» **Exercise description**: Below are some records. Print exactly the lines between the one holding "Casa, 3 quartos - Foto 10" and the one holding "SEELAND ハンティングパンツHelt グリズリーブラウン サイズ50", inclusive, and nothing else.

++++ Dataset entries ++++

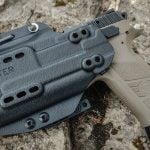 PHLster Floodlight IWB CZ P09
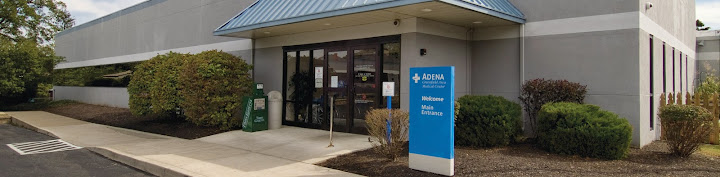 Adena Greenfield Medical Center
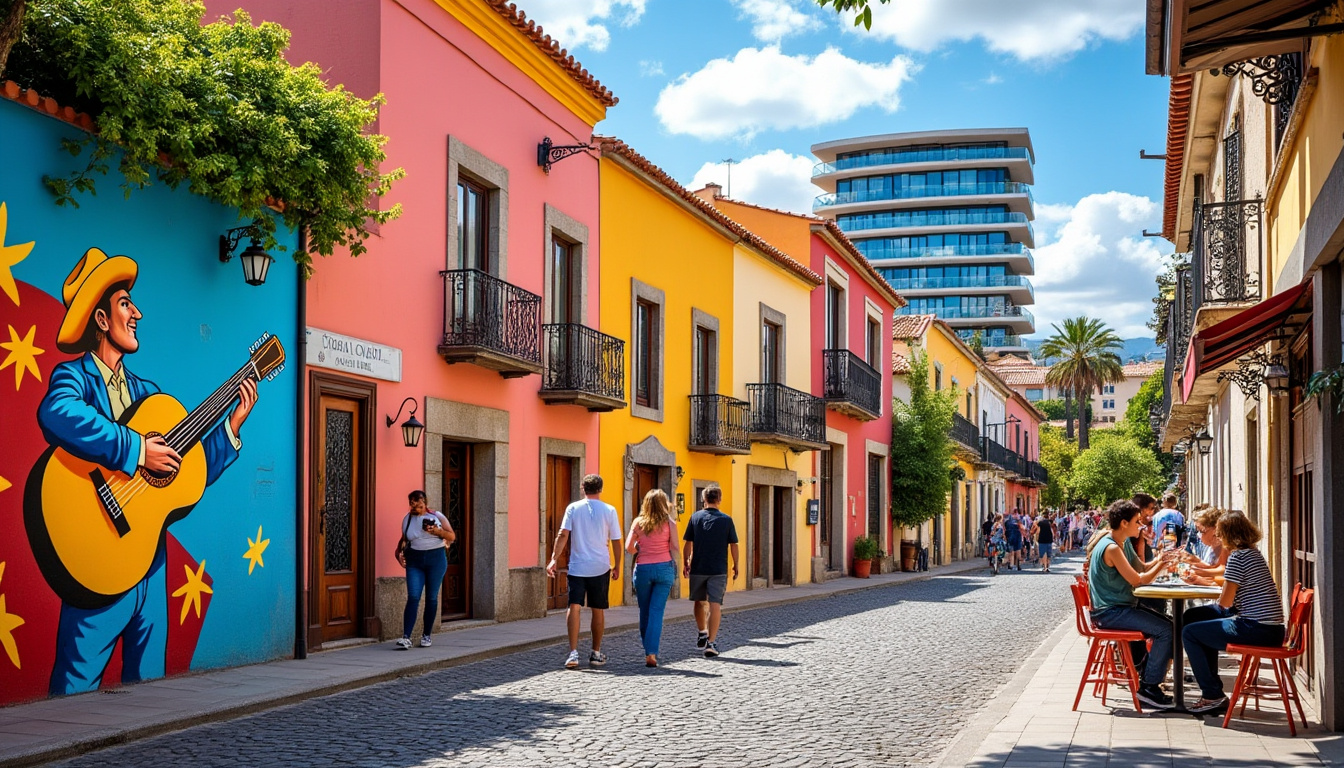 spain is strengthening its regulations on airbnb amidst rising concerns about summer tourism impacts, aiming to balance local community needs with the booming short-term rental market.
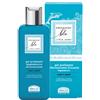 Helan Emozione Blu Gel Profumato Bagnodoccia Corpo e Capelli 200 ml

++++
++++ Dataset entries ++++

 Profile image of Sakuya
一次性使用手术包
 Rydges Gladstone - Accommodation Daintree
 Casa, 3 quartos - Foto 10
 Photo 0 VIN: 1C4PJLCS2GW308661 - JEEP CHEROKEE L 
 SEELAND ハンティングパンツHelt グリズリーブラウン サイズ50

++++

» **Solved problem**:
 Casa, 3 quartos - Foto 10
 Photo 0 VIN: 1C4PJLCS2GW308661 - JEEP CHEROKEE L 
 SEELAND ハンティングパンツHelt グリズリーブラウン サイズ50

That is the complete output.